● **Dataset excerpts**
____________________
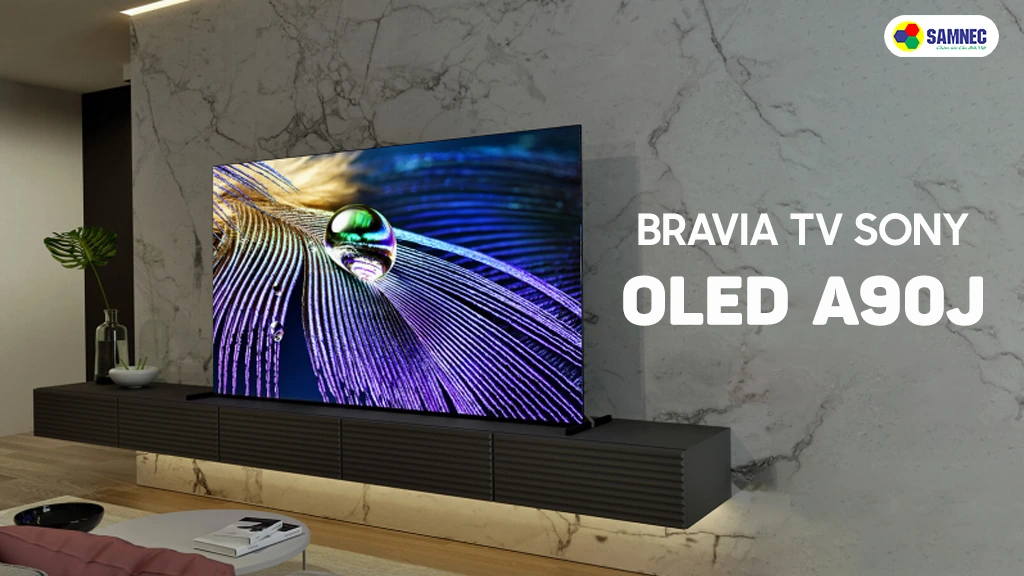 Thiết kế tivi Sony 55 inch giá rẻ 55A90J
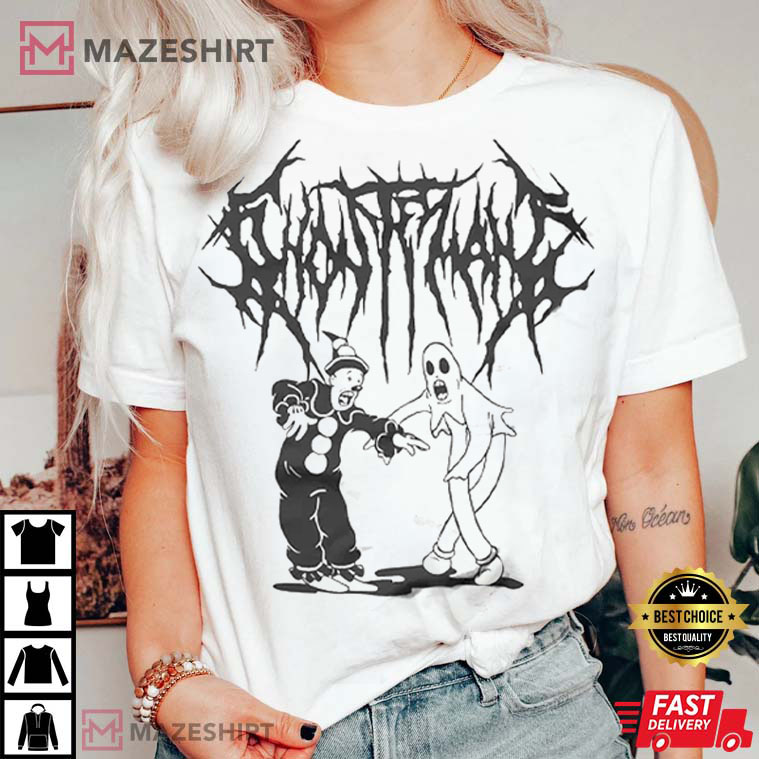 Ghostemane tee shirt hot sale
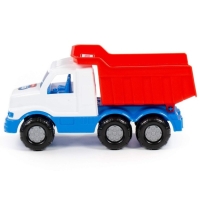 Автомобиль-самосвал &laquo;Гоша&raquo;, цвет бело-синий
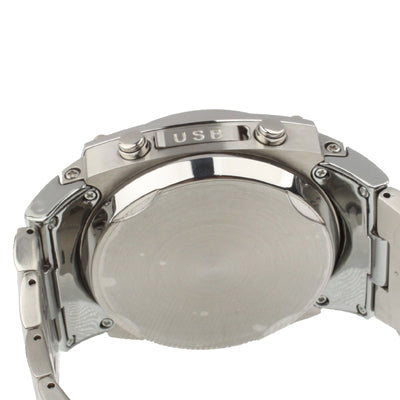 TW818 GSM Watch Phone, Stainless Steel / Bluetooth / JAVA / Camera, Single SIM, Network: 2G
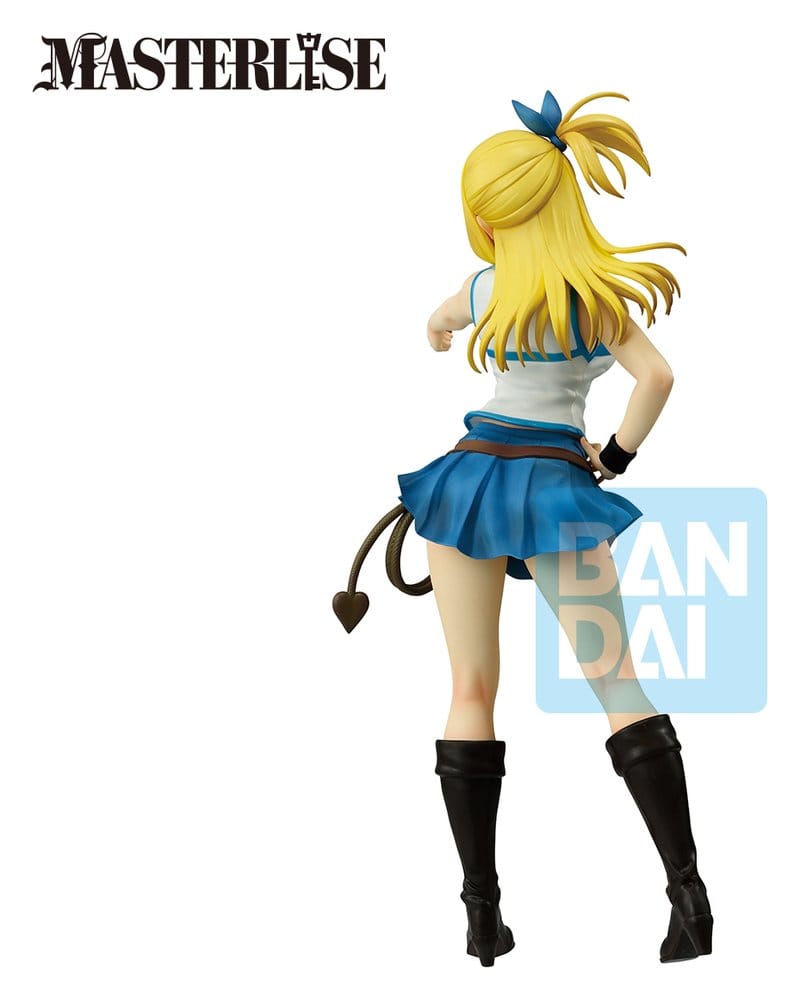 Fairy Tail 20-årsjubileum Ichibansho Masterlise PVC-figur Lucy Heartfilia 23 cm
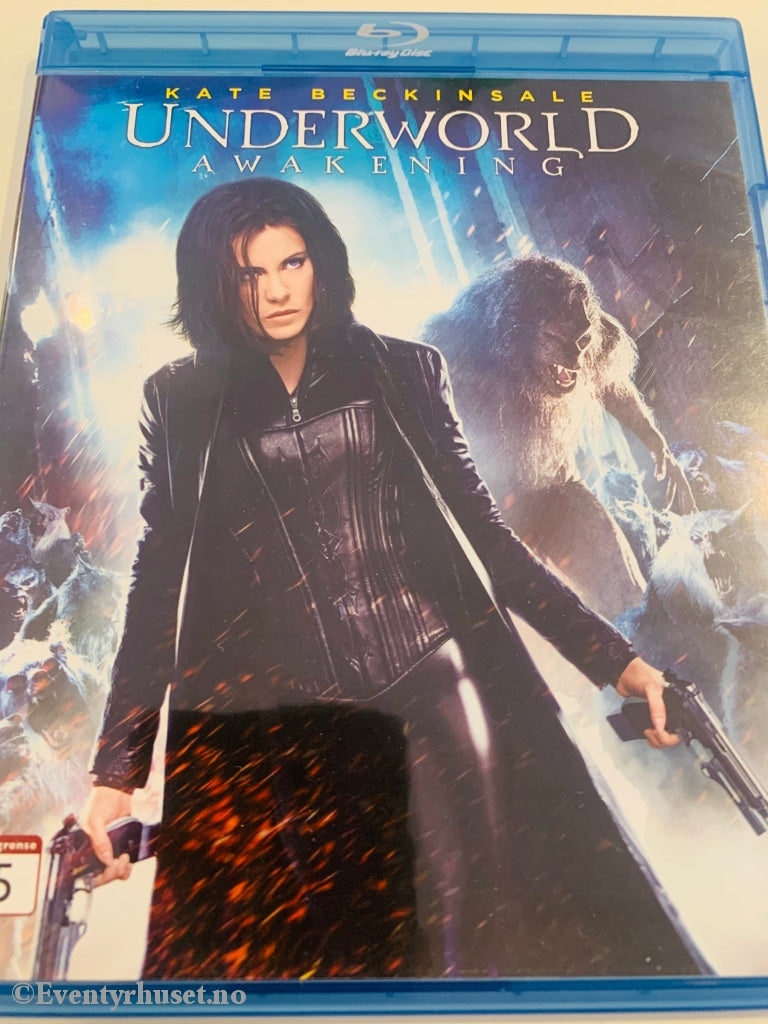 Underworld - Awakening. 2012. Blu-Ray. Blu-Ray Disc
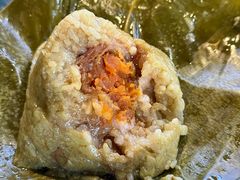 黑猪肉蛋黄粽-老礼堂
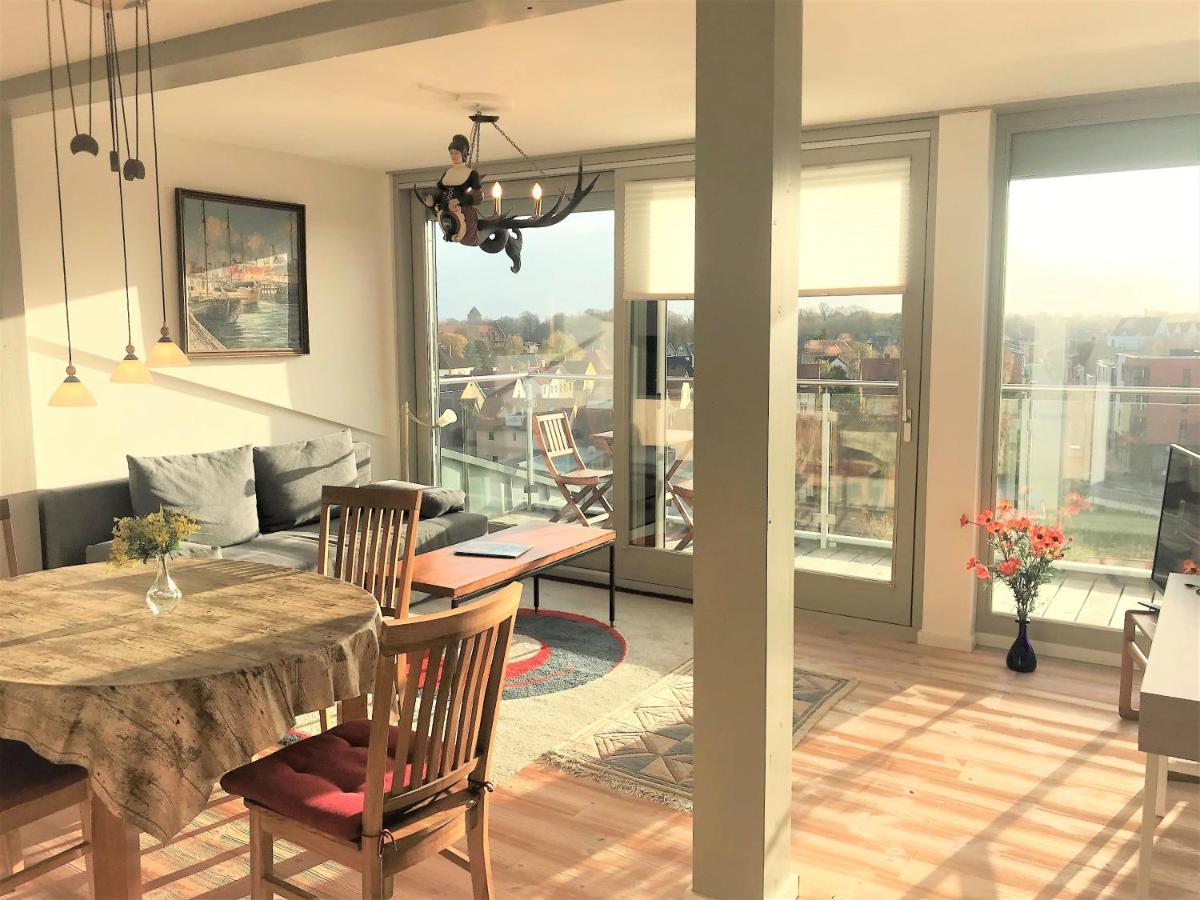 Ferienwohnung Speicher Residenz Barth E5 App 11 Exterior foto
____________________
● **Task description**
Take the lines from the one containing "Ghostemane tee shirt hot sale" through the last line of the listing and repeat them exactly. Omit the pictures.

● **Result of the exercise**
 Ghostemane tee shirt hot sale
 Автомобиль-самосвал &laquo;Гоша&raquo;, цвет бело-синий
 TW818 GSM Watch Phone, Stainless Steel / Bluetooth / JAVA / Camera, Single SIM, Network: 2G
 Fairy Tail 20-årsjubileum Ichibansho Masterlise PVC-figur Lucy Heartfilia 23 cm
 Underworld - Awakening. 2012. Blu-Ray. Blu-Ray Disc
 黑猪肉蛋黄粽-老礼堂
 Ferienwohnung Speicher Residenz Barth E5 App 11 Exterior foto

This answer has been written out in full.